According to the Institute for Justice, one of the potential problem areas in her state is the existence of “mayor’s courts” in which citizens are “treated as little more than ATMS.”
“Under mayor’s courts, mayors of municipalities with at least 200 residents can preside over their very own court,” IJ explained. “Mayor’s courts are courts in name only: The mayor need not be a lawyer. Proceedings don’t have to be transcribed nor do defendants have a right to a trial by jury.”
But they do impose fines.
“Most perverse of all, any fines and fees collected from a mayor’s court (often from traffic violations) flows to the town’s budget. Clearly, that creates an incentive to rule against defendants, which shreds any appearance of impartiality,” IJ said. “As a result, many small towns can easily generate hundreds of thousands of dollars in revenue from a mayor’s court. Considering just how small many of these municipalities are, revenue from a mayor’s court can be a tremendous windfall. According to the Ohio Supreme Court, the state has nearly 300 mayor’s courts, which heard almost 300,000 cases in 2016. Almost 75 percent of those courts were in municipalities with under 5,000 people.”
In her letter, O’Connor noted the Justice Department recently rescinded a guidance concerning fines.
“As many of you know, for the past two years I have co-chaired a national task force examining fine, fee, and bail practices to make recommendations for how state courts can bring such practices into greater alignment with constitutional standards,” she wrote. “The need for the task force was the result of unfortunate practices in some state and local courts where fine, fee, and bail systems essentially operated on ‘automatic pilot’ with little, if any, regard for fundamental constitutional rights.”
She said she has “spoken out unequivocally that courts are centers of justice, not automatic teller machines whose purpose is to generate revenue for governments, including themselves.”
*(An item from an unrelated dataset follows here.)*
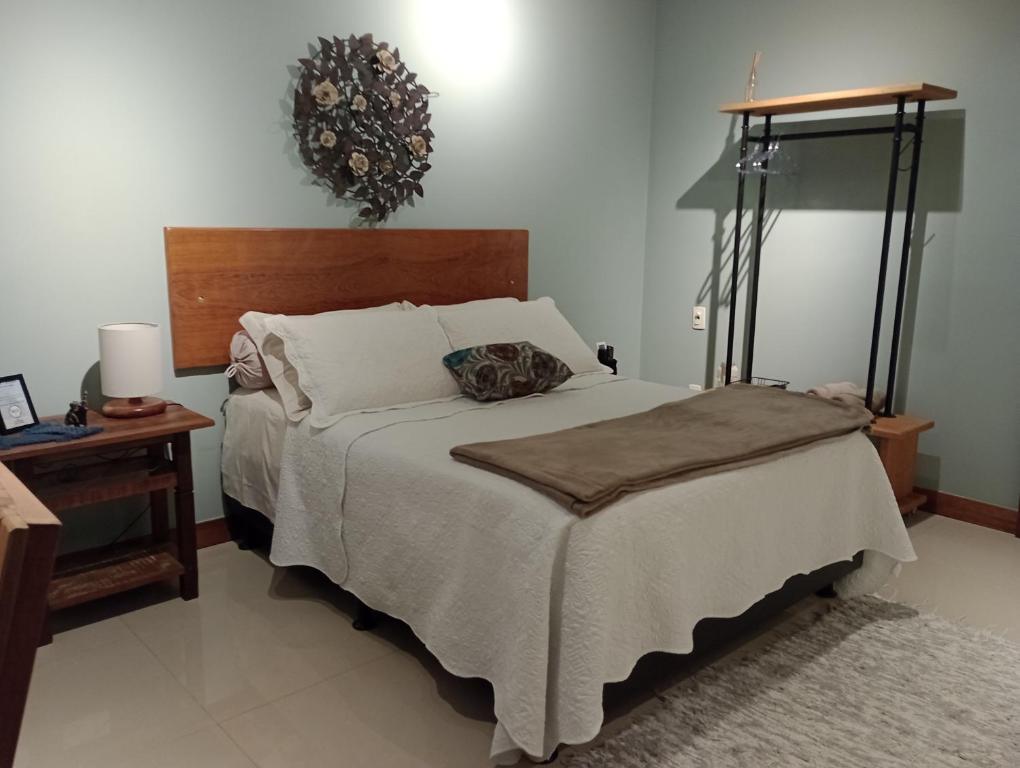 尼泰罗伊Casa da Lu Itacoatiara -Suite Alto Mourão的一间卧室配有一张床和一张带台灯的桌子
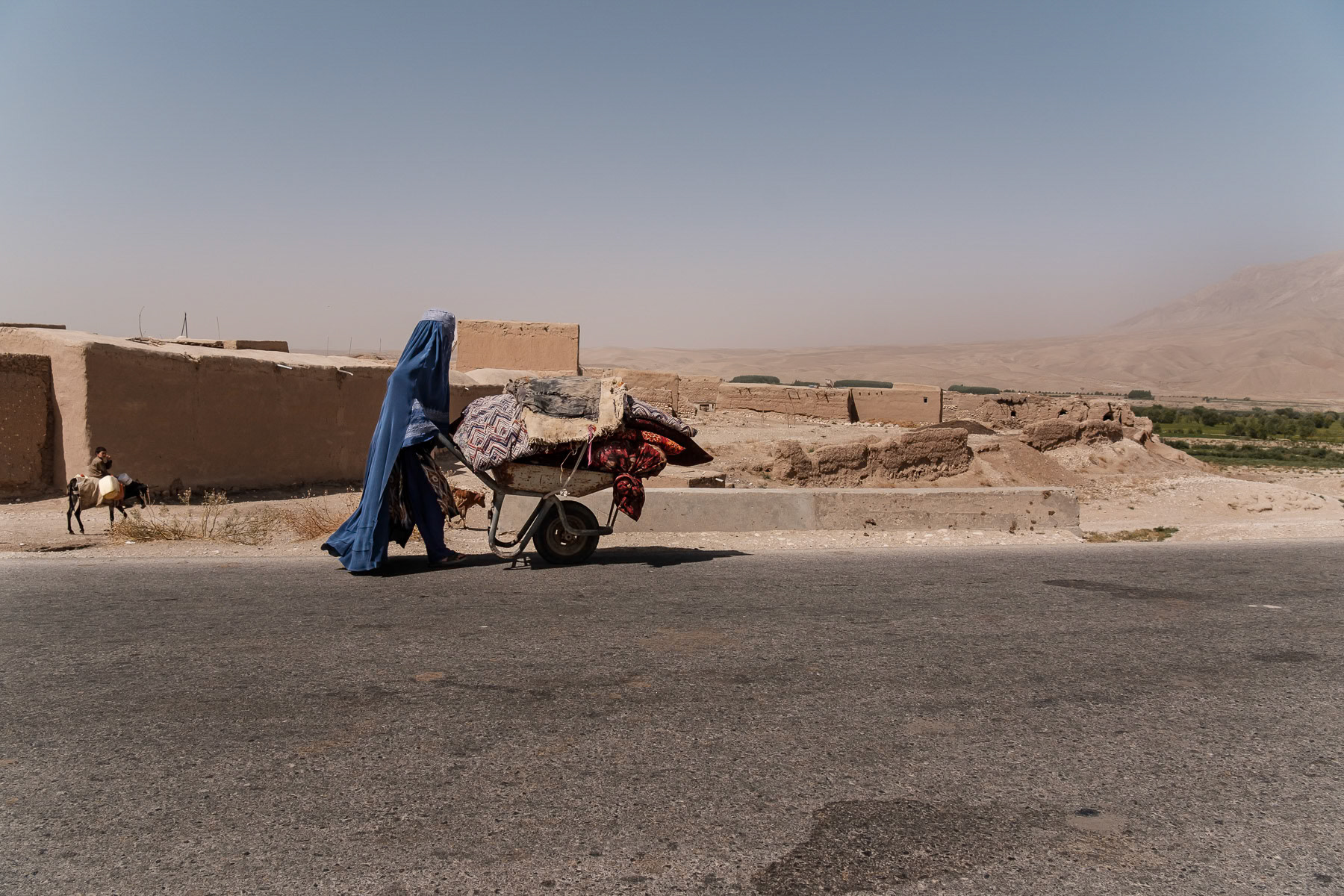 An Afghan woman wearing the 'Chaador' carrying belongings. Since the Taliban take over of the country, endless restrictions have been placed on women, banning them from education, work, cultural activities and basically the streets where they should be accompagnied by a male guardian. Afghanistan under the Taliban has become a 'no woman's land' and a gender apartheid system. Buina Qara, Balkh province, Afghanistan, September 2024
O’Conner explained that she was sending to each judge the legal guidelines for appropriate fines.
“I know the pressure that many of you face to generate revenue, to increase collection rates, to ‘self-fund’ as if the courts are a business trading in a commodity,” she said.
But she said her concern was so high that she wrote to State Auditor David Yost with her worries.
She told him: “If the existence of a court is dependent upon self-funding, we run the danger of creating a system of built-in incentives for courts to use judicial power for self-preservation not the promotion of justice for all. … Judges and court staff cannot be seen as collection agencies.”
O’Connor said Yost responded in agreement, after she told him, “Whether courts contribute to a city’s bottom line or generate sufficient cash flow for its own operations should not be even a secondary thought considering the role of the judiciary in our system of government.”
The institute commented that ridding the state of the mayor’s courts would be a good start, along with reining in the power of civil forfeiture laws, under which law enforcement agencies keep for themselves what they confiscate from citizens, even if no charges are filed, as is allowed in many jurisdictions.
“As long as law enforcement can keep what they seize, Ohio’s police and prosecutors will have a powerful motivation to prioritize forfeiture cases and treat forfeiture money as their own private slush fund. To eliminate this incentive, lawmakers should follow the lead of seven states and Washington, D.C., and redirect any and all forfeiture proceeds to a neutral fund, like the state general fund or drug treatment programs,” IJ said.
O’Connor said providing a justice system is a function of government, just as is providing schools, roads and fire protection.
She explained that no matter what the DOJ says in its guidance letters, “we are as responsible for both abiding by and protecting constitutional rights as are our federal counterparts.”